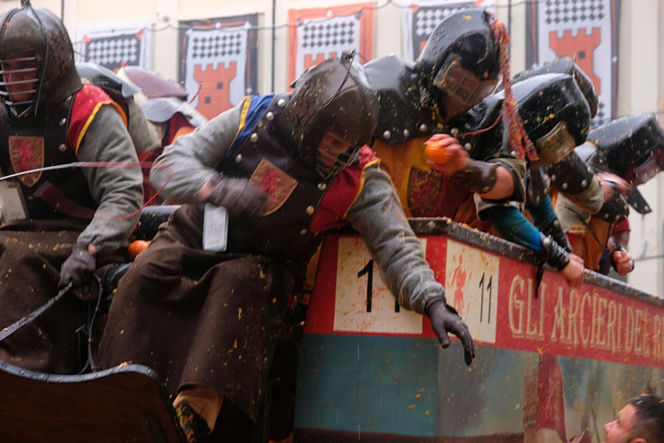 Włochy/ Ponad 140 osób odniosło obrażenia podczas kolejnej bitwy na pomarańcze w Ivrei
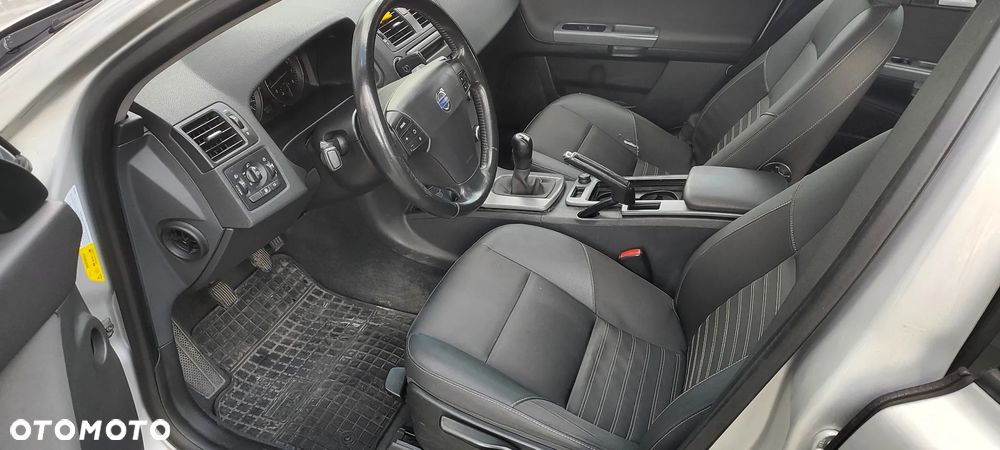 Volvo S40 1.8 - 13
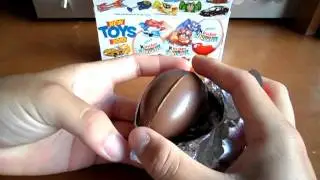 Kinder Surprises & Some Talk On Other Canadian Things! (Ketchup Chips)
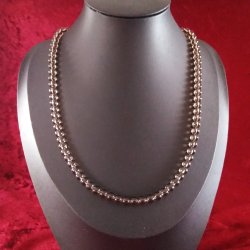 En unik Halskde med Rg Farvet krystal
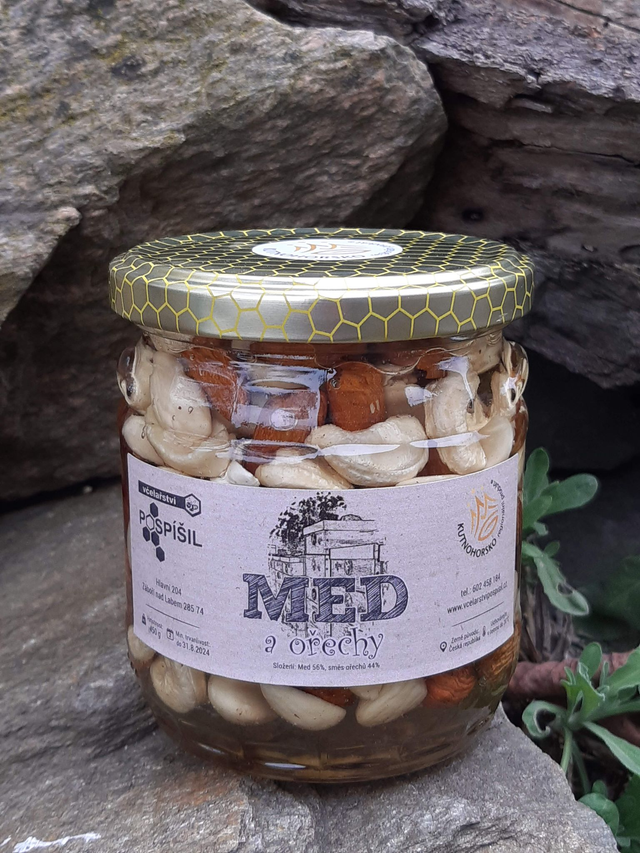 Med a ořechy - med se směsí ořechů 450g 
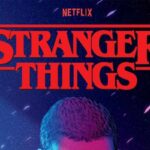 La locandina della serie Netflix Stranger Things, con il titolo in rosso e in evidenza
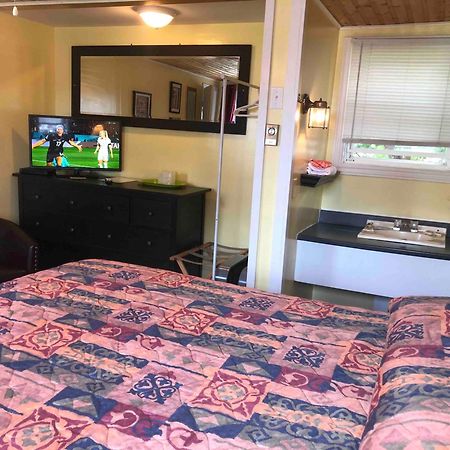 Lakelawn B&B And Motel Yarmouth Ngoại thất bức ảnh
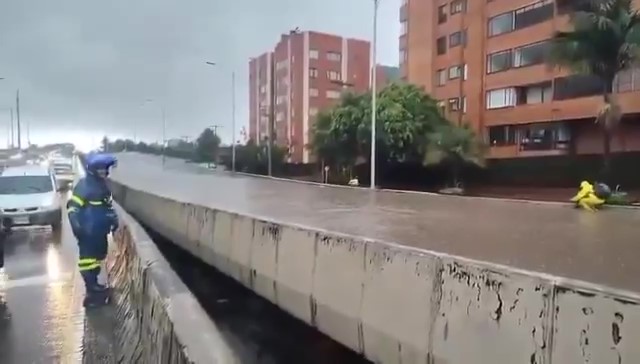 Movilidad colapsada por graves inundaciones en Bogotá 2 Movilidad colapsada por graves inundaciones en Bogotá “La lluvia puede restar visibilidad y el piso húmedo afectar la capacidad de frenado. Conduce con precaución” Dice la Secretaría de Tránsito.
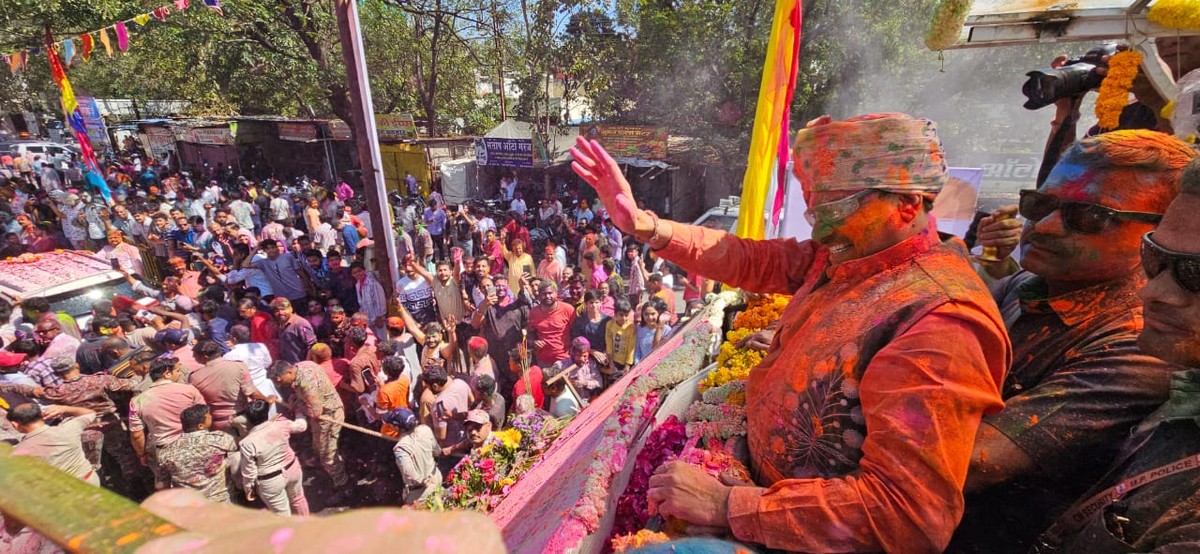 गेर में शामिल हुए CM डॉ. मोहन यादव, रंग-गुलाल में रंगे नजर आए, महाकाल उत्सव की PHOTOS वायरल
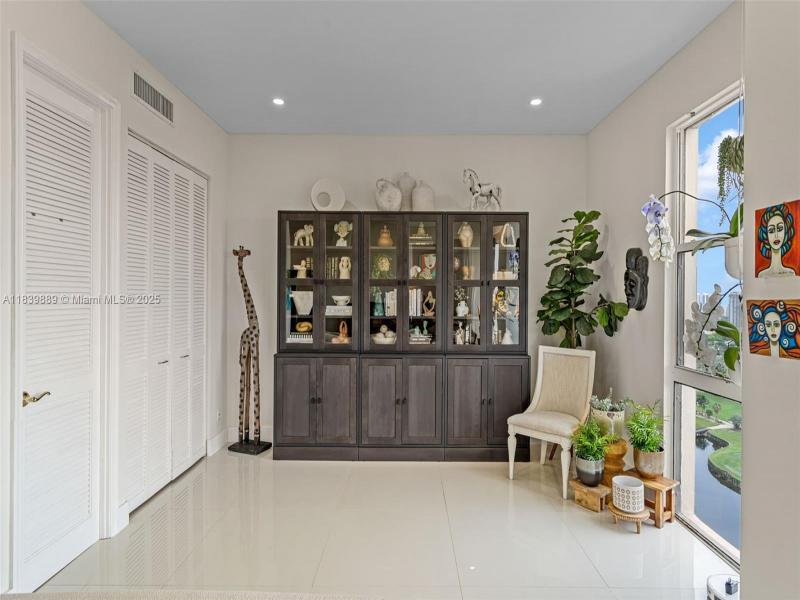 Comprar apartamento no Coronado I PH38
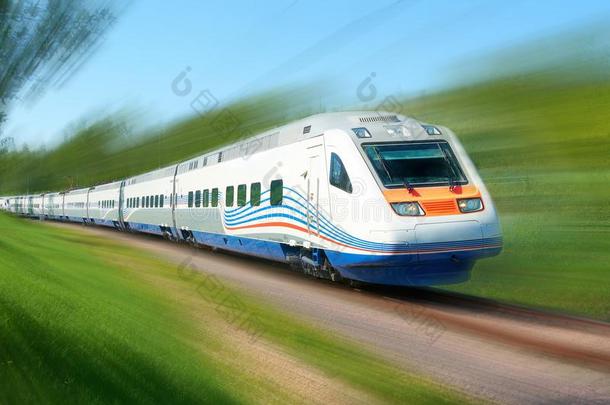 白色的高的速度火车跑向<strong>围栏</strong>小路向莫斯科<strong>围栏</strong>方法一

==

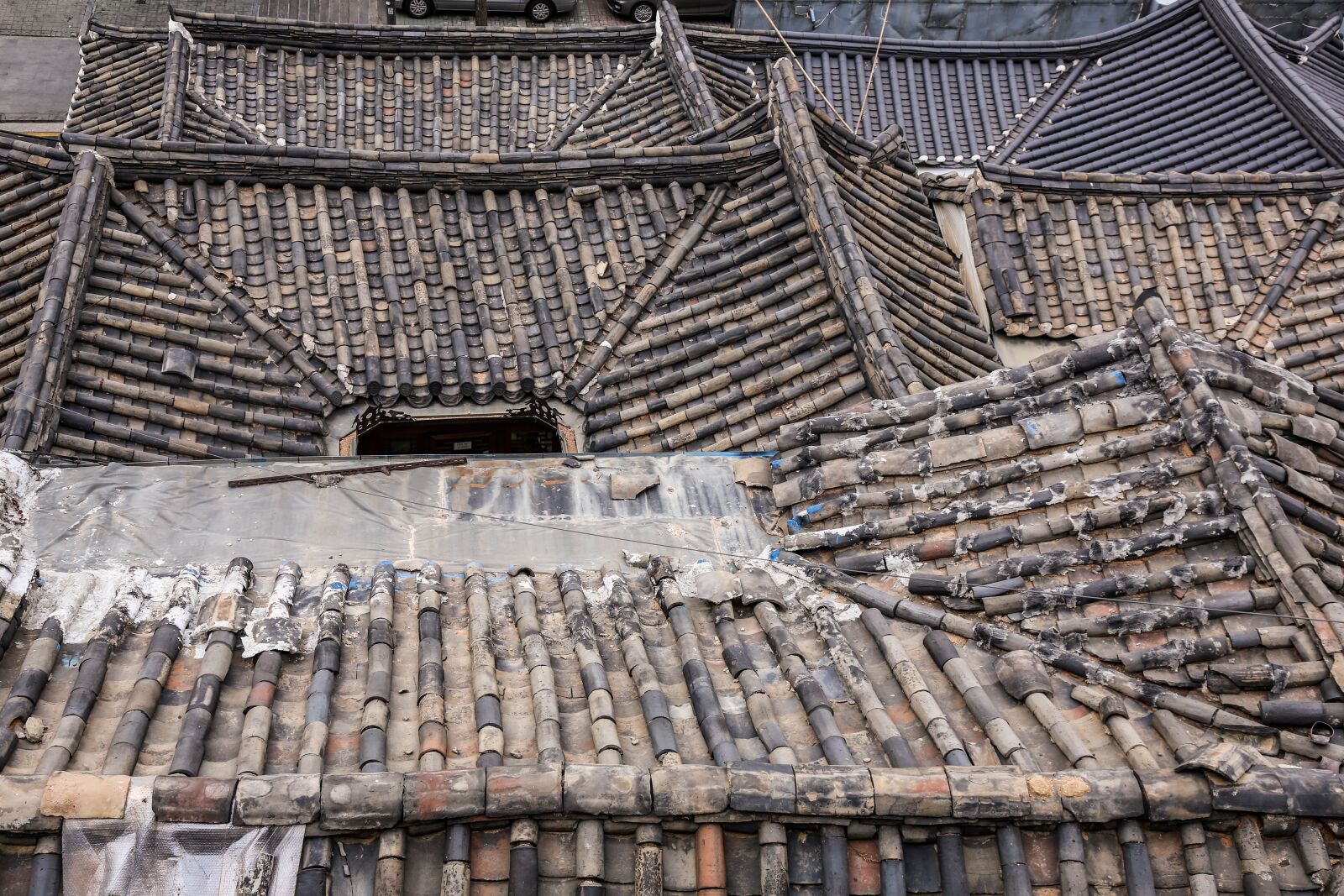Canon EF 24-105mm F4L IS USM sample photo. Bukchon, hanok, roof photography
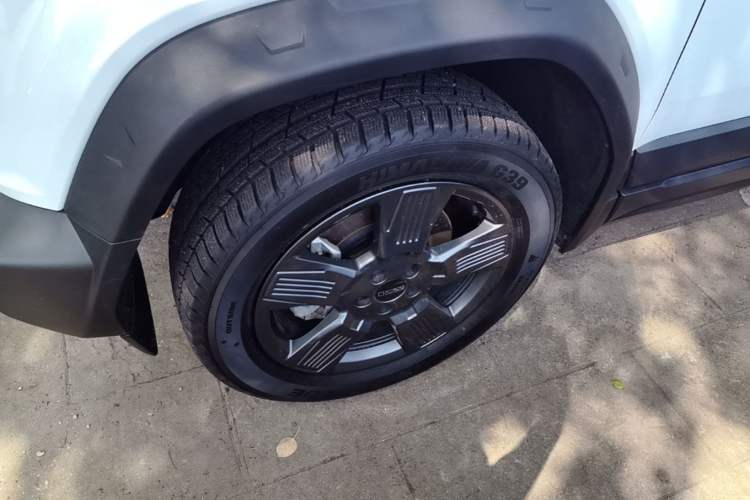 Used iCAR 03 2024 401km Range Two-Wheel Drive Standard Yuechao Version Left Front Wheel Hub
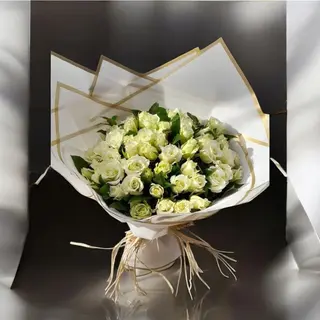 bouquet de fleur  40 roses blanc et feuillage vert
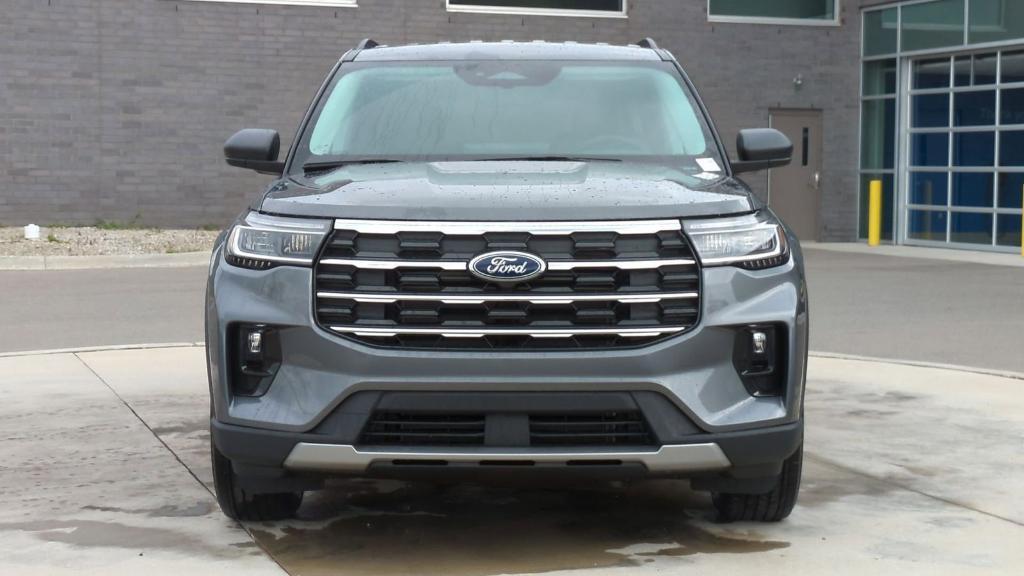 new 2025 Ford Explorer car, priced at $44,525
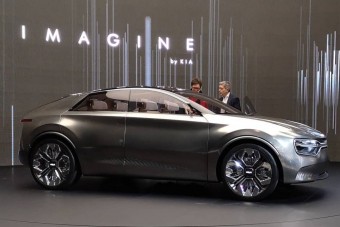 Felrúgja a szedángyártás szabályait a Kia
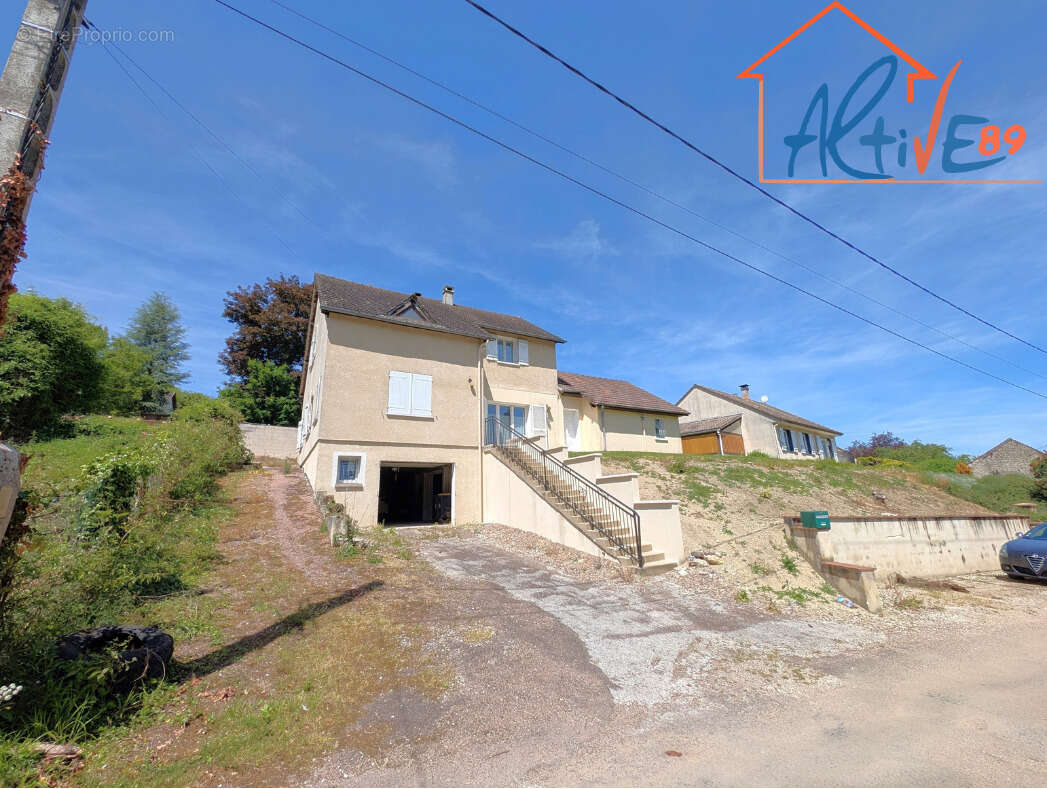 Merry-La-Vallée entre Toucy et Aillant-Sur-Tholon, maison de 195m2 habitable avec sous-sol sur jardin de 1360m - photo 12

## Your goal
When you reach the line holding "bouquet de fleur" in the listing above, begin retyping exactly, and stop once the line holding "Merry-La-Vallée entre Toucy" is done; pictures stay out.

## Answer for this exercise
 bouquet de fleur  40 roses blanc et feuillage vert
 new 2025 Ford Explorer car, priced at $44,525
 Felrúgja a szedángyártás szabályait a Kia
 Merry-La-Vallée entre Toucy et Aillant-Sur-Tholon, maison de 195m2 habitable avec sous-sol sur jardin de 1360m - photo 12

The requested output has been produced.